Incident Report for PubNub

Postmortem

Problem Description, Impact, and Resolution

At 7:35 UTC on October 5, 2024, we received a report of intermittent failures (5xx errors) for History API requests. The issue was triggered by an unexpectedly high volume of data requests processed through our shared infrastructure, overwhelming the shared history reader containers responsible for fetching this data from our storage nodes.

As data was retrieved and processed by the history reader containers, we observed memory exhaustion (OOM-kills), even though the memory capacity had been significantly increased. This impacted the performance of our system, causing History API requests to fail when the memory overload occurred.

We took action by isolating the requests responsible for the high data volume and deploying dedicated infrastructure for them. This ensured that the issue was resolved at 00:43 UTC on October 6, and no further impact was observed across the broader customer base.

Mitigation Steps and Recommended Future Preventative Measures

To prevent this issue from recurring, we deployed dedicated infrastructure for high-volume data requests, and we implemented dynamic data bucket creation to distribute large data volumes more efficiently, reducing strain on our nodes. These steps ensure that our system can handle sudden spikes in resource usage while maintaining stability for all customers.

Posted Oct 16, 2024 - 21:52 UTC

Resolved

Beginning at around 8:00 UTC we observed increased latency and errors for our History service in one of our North America regions. The issue has been resolved as of 14:05 UTC. We will continue to monitor the incident to ensure service stability has been fully restored.

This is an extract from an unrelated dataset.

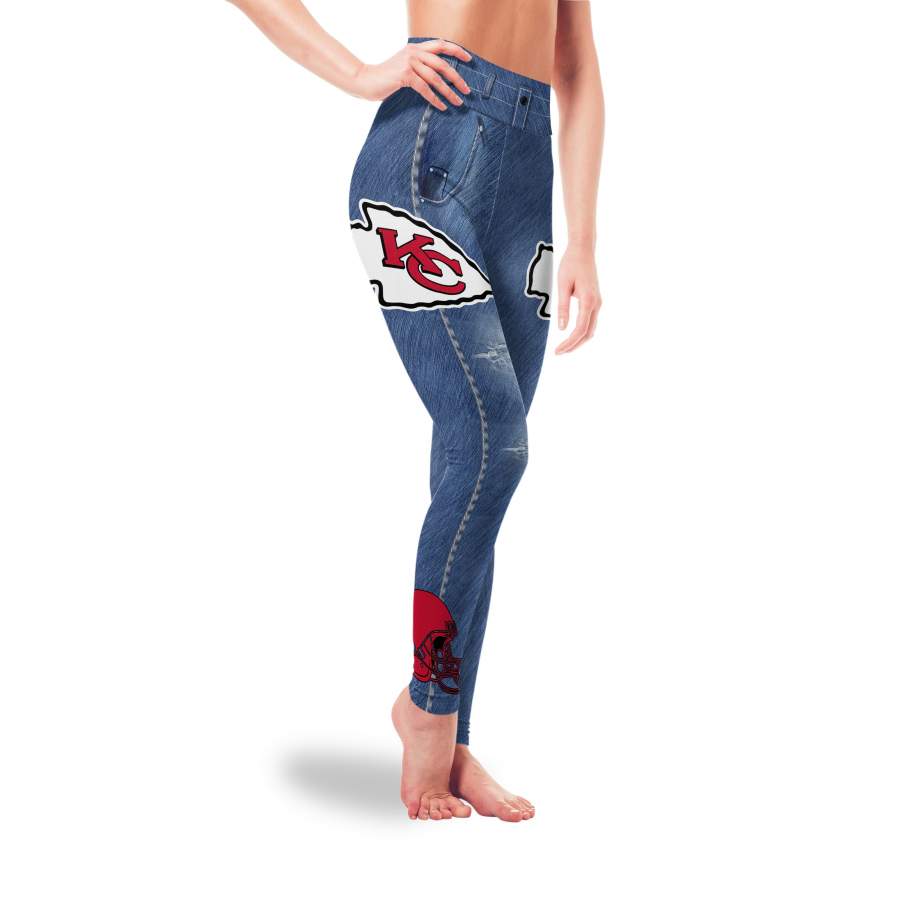 Amazing Blue Jeans Kansas City Chiefs Leggings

Posted Oct 05, 2024 - 14:07 UTC

Monitoring

Remediation actions have been taken. Our engineers are currently monitoring the incident to ensure the stability has been restored.

Posted Oct 05, 2024 - 13:33 UTC

Update

We are continuing to work on a fix for this issue.

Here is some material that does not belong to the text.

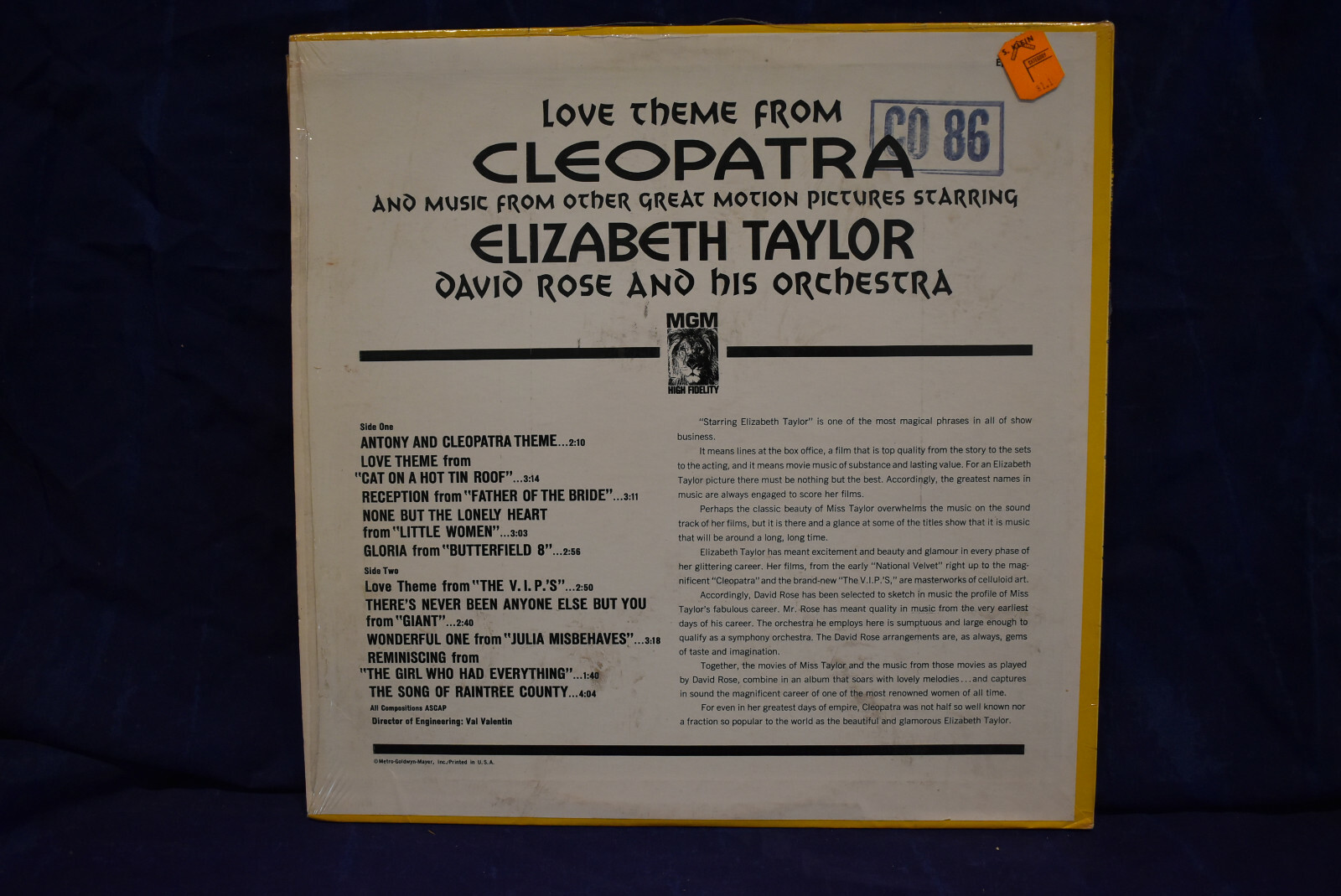 Cleopatra Soundtrack LP Elizabeth Taylor EX/NM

Posted Oct 05, 2024 - 13:09 UTC

Update

PubNub Technical Staff still working on fixing the issue.

Posted Oct 05, 2024 - 12:34 UTC

Identified

The issue has been identified and our engineers are engaged and continue to work on the issue. Latency and errors rates are improving.

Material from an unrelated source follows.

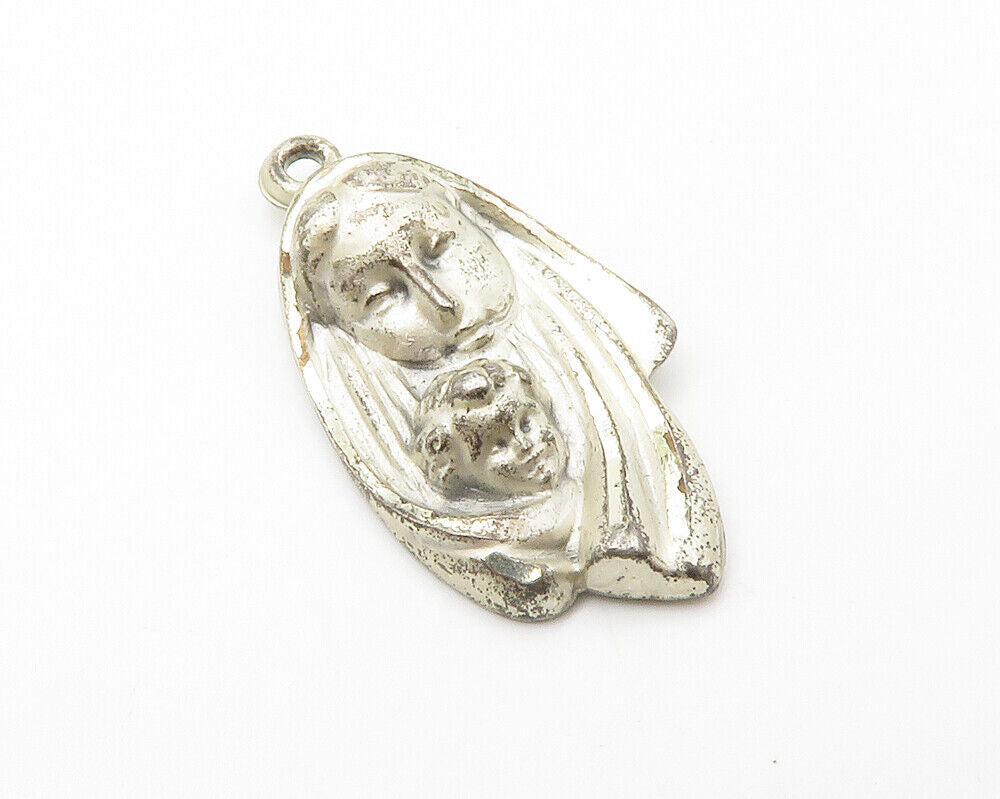 925 Sterling Silver  Vintage Antique Virgin Mary & Baby Jesus Pendant  PT11231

Posted Oct 05, 2024 - 11:55 UTC

Investigating

At about 8:00 AM UTC, History service started to experience elevated latencies and errors in North America PoP. PubNub Technical Staff is currently investigating and more updates will follow once available.

If you are experiencing issues and believe them to be related to this incident, please report it to PubNub Support at support@pubnub.com.

Posted Oct 05, 2024 - 11:16 UTC

This incident affected: Points of Presence (North America Points of Presence) and Realtime Network (Storage and Playback Service).